Stuart Klipper (born 1941 in Bronx, New York City) is an American photographer.

Biography
He lived in Stockholm, Sweden, but then moved to his current residence in Minneapolis, Minnesota in 1970.

He lived in Brooklyn Heights as well as the near to it Cobble Hill neighborhood (also in Brooklyn, New York) soon after graduating from the University of Michigan in 1962, and before he moved to Minneapolis in 1970.

Klipper has made six journeys to Antarctica to take photographs. He has also worked in Greenland, Iceland, Svalbard, Alaska, and the area of Lapland irradiated by the Chernobyl disaster. Klipper became one of approximately 400 people to have stood at both the South Pole and the North Pole on July 15, 2009, when he visited the North Pole.

Other major forays have taken Klipper across the deserts of Israel and Sinai as well as the tropical rain forests of Costa Rica. Klipper's work has also taken him to Northern Australia, Patagonia, Tierra del Fuego, Sri Lanka, and Pakistan.

He has logged thousands of miles traveling at sea while photographing on all of the Earth's oceans and seas.

For over 30 years, Klipper traveled through the 50 United States, capturing photographs that crystallize the defining characteristics of American regions. He also photographed major physics and astronomy research installations throughout the United States and the Anasazi ruins of the Southwest.

Klipper has also photographed the cemeteries of World War I and memorials of the Western Front.

Klipper's photographs have been exhibited in and collected by major museums from both the United States and overseas. These include New York City's Museum of Modern Art, the San Francisco Museum of Modern Art, The Art Institute of Chicago, The Minneapolis Institute of Arts, the Walker Art Center, The Jewish Museum, The Israel Museum, The Victoria and Albert Museum, the Bonn Kunsthalle, and the Moderna Museet in Stockholm, Sweden.
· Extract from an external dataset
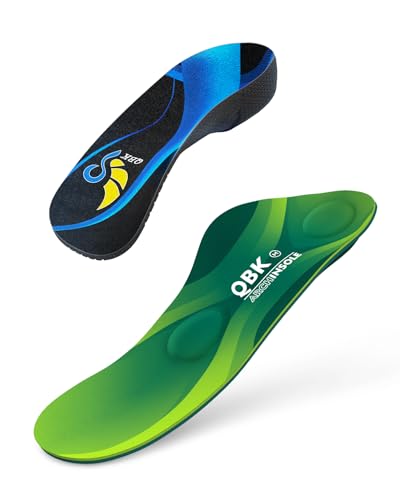 Flat Feet Insoles, QBK Arch Support Insoles for Plantar Fasciitis 3/4 Arch Support Insoles for Women/Men,QBK Orthotics Shoe Insoles High Arch Supports Shoe Insoles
The Guggenheim Foundation, The Bush Foundation, the McKnight Foundation, and the Minnesota State Arts Board have all awarded Klipper multiple grants.

Notable exhibitions
Klipper has exhibited across the United States, as well as the Israel Museum, Jerusalem, Israel; Moderna Museet, Stockholm, Sweden; Fotogalleriet, Oslo, Norway; United States embassy, Santiago, Chile; Victoria and Albert Museum, London, UK; Kunsthalle of the German Republic, Bonn, Germany and the Canterbury Museum, Christchurch, New Zealand

Grants, honors, and fellowships

John Simon Guggenheim Memorial Foundation, 1979, 1989 
Bush Foundation (St. Paul),  1981, 1992
National Endowment for the Arts, 1976, 1979
National Endowment for the Humanities, 1981
McKnight Foundation, St. Paul/Mpls. – three grants
The Minnesota State Arts Board – three grants
The Jerome Foundation, 2003
The Bogliasco Foundation (N. Y. C. & Genoa, Italy), 2003
The National Science Foundation's Antarctic Artists and Writers Program, 1989, 1992, 1993, 1999, 2000
 Nominee, McKnight Distinguished Minnesota Artist Award, 2005, 2006, 2007
Finalist, Bush Enduring Visions Award, 2008
Nominee, MacArthur Fellowship, 2008

Klipper was recipient of the United States Navy Antarctic Service Medal, 1989

Notable commissions

The State of Texas, Cray Research Corp., the State of Minnesota, First Banks Systems (Mpls.), the Valspar Corp. (Mpls.), the University of Minnesota.

Solo exhibitions

Disparate Geographies, Schmidt Dean Gallery in Philadelphia, 1998.
Sixteen polar photographs, Arktis -Antarktis, the Kunsthalle des Deutschesrepublic, Bonn, Germany. 1998

Cardinal Points, at the University of Iowa Museum of Art. (Photographs from polar regions: Antarctica and Greenland, the tropical rain forests, the desert regions of Israel and the Sinai, the agricultural Great Plains)-- an exhibition catalogue was published. 1998
At Sea Near the Poles, at the Spencer Gallery, Wickford, R.I. 1999
Antarctica 99/00, Yancey Richardson Gallery, NYC, 2000
Selected Antarctic Work, Berler Gallery, Washington D.C., 2001 (Also shown in Denver and Christchurch, N.Z.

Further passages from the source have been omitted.